Quizás es el ruido acumulado en su país desde la irrupción de Trump el que le hace decir a Noam Chomsky que tenemos que saber “hacer lo que podemos, no buscar lo que no podemos”. Es decir, que “tenemos que intentar construir el mundo que nos gustaría, pero afrontándolo tal como es”. De momento, los demócratas americanos no encuentran el tono y las izquierdas europeas se diluyen en el desconcierto. ¿La ciudadanía les reconocerá el mérito de evitar caer en la provocación? Aun así, la coyuntura social, con la pandemia y su errática gestión sobrevolándola, dos años después, como una nube espesa sobre la cabeza de una ciudadanía que sufre por miedo a hacer la vida que querría, será un examen exigente para todos sobre el cual todavía es prematuro hacer pronósticos. ¿A la salida habrá ganado el griterío o volverá la palabra?

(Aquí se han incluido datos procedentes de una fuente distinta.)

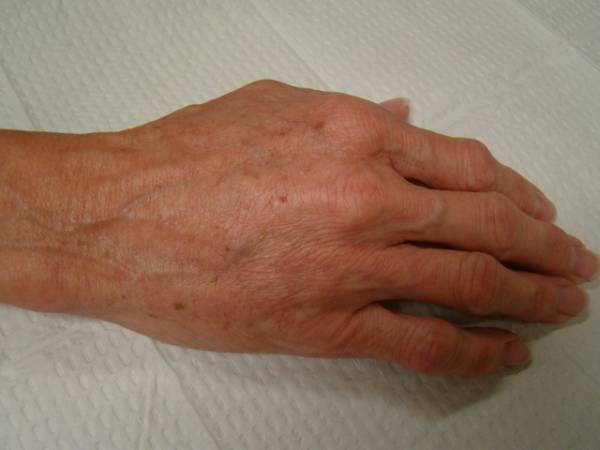 An adult hand with visible veins, wrinkles, and age spots resting on a white textured surface.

2. Johnson. Si bien Trump es el icono que ha llevado al límite la lógica de la destemplanza como vía para camuflar los intereses de algunos y mantener a la gente entretenida, estos días en el escenario público, dominado por el decorado de la pandemia, dos figuras histriónicas se han llevado el protagonismo. Boris Johnson, un primer ministro que lleva el descontrol incorporado, pide perdón una y otra vez por haber convertido el 10 de Downing Street en un sala de ocio nocturno. Parecía que su experiencia de pasar por un covid grave lo hubiera templado. Pero a Johnson parece que el cuerpo siempre le pide guerra. Puestas las cartas sobre la mesa del Parlamento, lo que es escandaloso –y no habla bien de la democracia británica– es que no haya dimitido. Es más, que su partido no lo haya hecho dimitir. Las derechas atrapadas en el ruido no parecen decididas a salir de él. ¿Y la gente? ¿Le pasará factura? ¿O es que el ruido ya se ha hecho estructural y puede arrastrar la democracia a cualquier lugar, como ya amenaza con pasar en los Estados Unidos?

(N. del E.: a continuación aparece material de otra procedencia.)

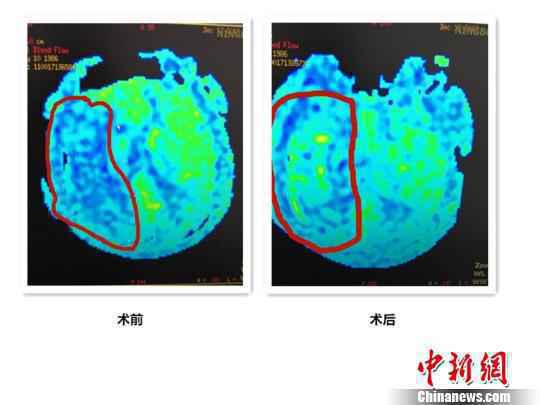 吃外卖、熬夜、少运动 宁波32岁白领突发脑梗死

3. Djokovic. Siguiendo de lo anterior, el impacto Djokovic. El ejercicio de prepotencia del que se cree que todo se lo puede permitir por ser portador de un esfuerzo que lo ha llevado a la cumbre de su oficio y le da derecho a todo. El mal que hace la ideología de la meritocracia. Pero le ha pasado aquello que creía imposible: le ha salido mal y ahora se encuentra con un túnel que le obligará a bajar la cabeza si quiere seguir ganando. Djokovic quizás descubrirá que hay límites que son para todos y que puedes hacer lo que te dé la gana pero tienes que asumir las consecuencias. Aun así, en esta historia, los que representan lo más siniestro son sus padres comparándolo con Jesucristo y haciendo de él un mártir, envolviéndose con el nacionalismo serbio, reconocidamente supremacista, como se demostró en el conflicto yugoslavo y los episodios de limpieza étnica. A ver si los padres aprendemos que los hijos no son propiedad nuestra y que no están para sublimar nuestras frustraciones. Sería un gran paso para la humanidad.